30th Wife of Joseph Smith – Age 32/33 – Married in July 1843 (Joseph Smith, age 37)

Desdemona Fullmer was inclined to have spiritual dreams and visions during youth. As a precursor to her hearing about Joseph Smith she became enamored with a “boy prophet” named Putnam Wadsworth. The young boy became sick for two years, during which time “the lord reveild to him that all the churches wheare wrong.” He then began teaching people the gospel preaching and healing the way the ancient apostles did.  He claimed God told him that if he ever crossed a big stream of water he would die within two years. He avoided rivers and streams as a result. One day, his brother was sick and lay dying on the other side of a river. Putnam could not refuse crossing to help, and he (Putnam) died shortly thereafter.

This type of experience primed Desdemona in many ways to accept Mormonism when she heard the tales of Joseph Smith.

She also accepted the doctrine of polygamy and was married to Joseph Smith in July 1843. The ceremony was performed by Brigham Young.

In the spring of 1842 she began to live at the mansion of the prophet with Elvira Cowles and the Partridge sisters.
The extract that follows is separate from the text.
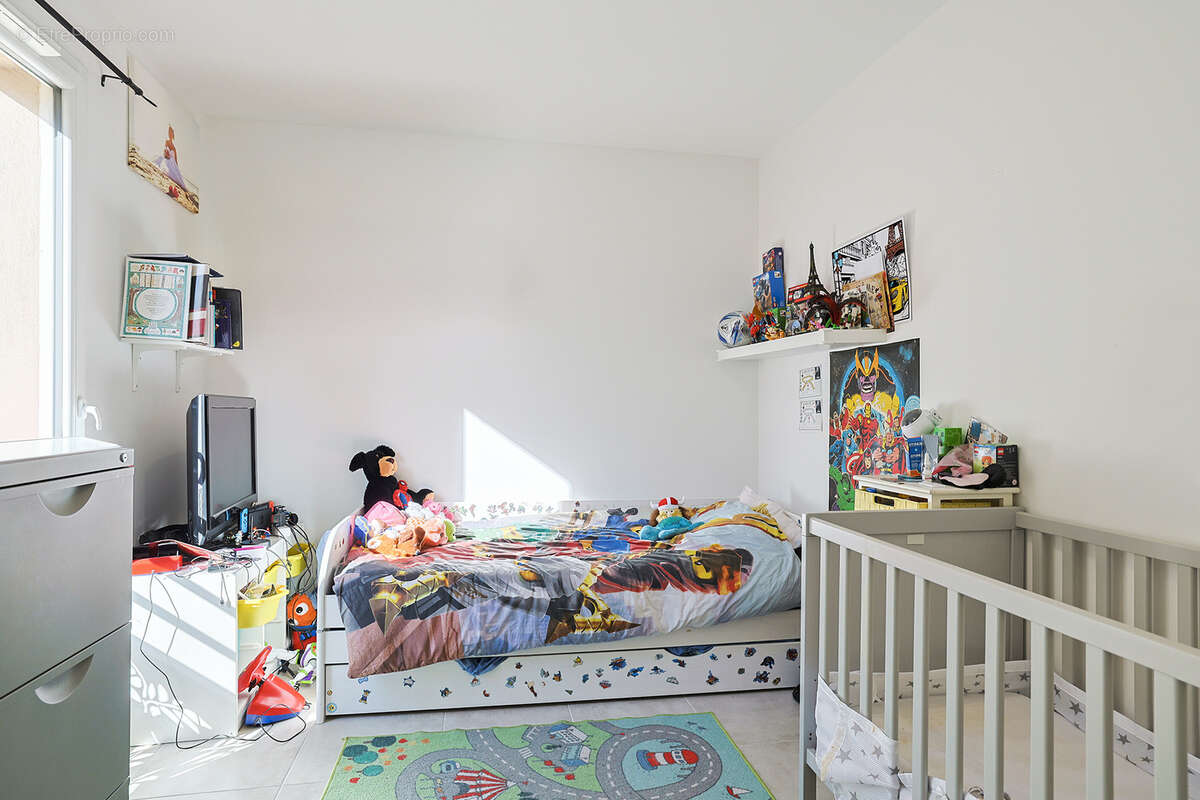 Appartement à LA CRAU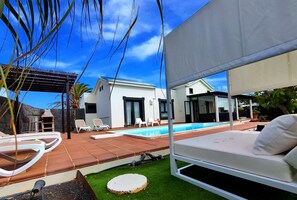 A heated pool - Stunning detached villa with sea view, beautiful landscaped gardens,  A/C & wifi (PLAYA BLANCA)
All four of these women would become wives of Joseph Smith within the next 15 months.

Emma Smith apparently knew about their marriage and was jealous and angry about it, as in Desdemona’s short autobiography she mentioned the marriage in this way,

“In the rise of polygamy I was warned in a dream Amy [Emma?] Smith was a going to poison me I told my dream to Brother Joseph he told me it was true she would do it if she could.”

Desdemona Fullmer Smith, quoted in Todd Compton’s In Sacred Loneliness: The Plural Wives of Joseph Smith (Salt Lake City, UT: Signature Books, 15 December 1997), 580.

After the death of Joseph Smith, Desdemona went on to have two unsuccessful marriages.

She died on 9 February 1886 at the age of seventy-six.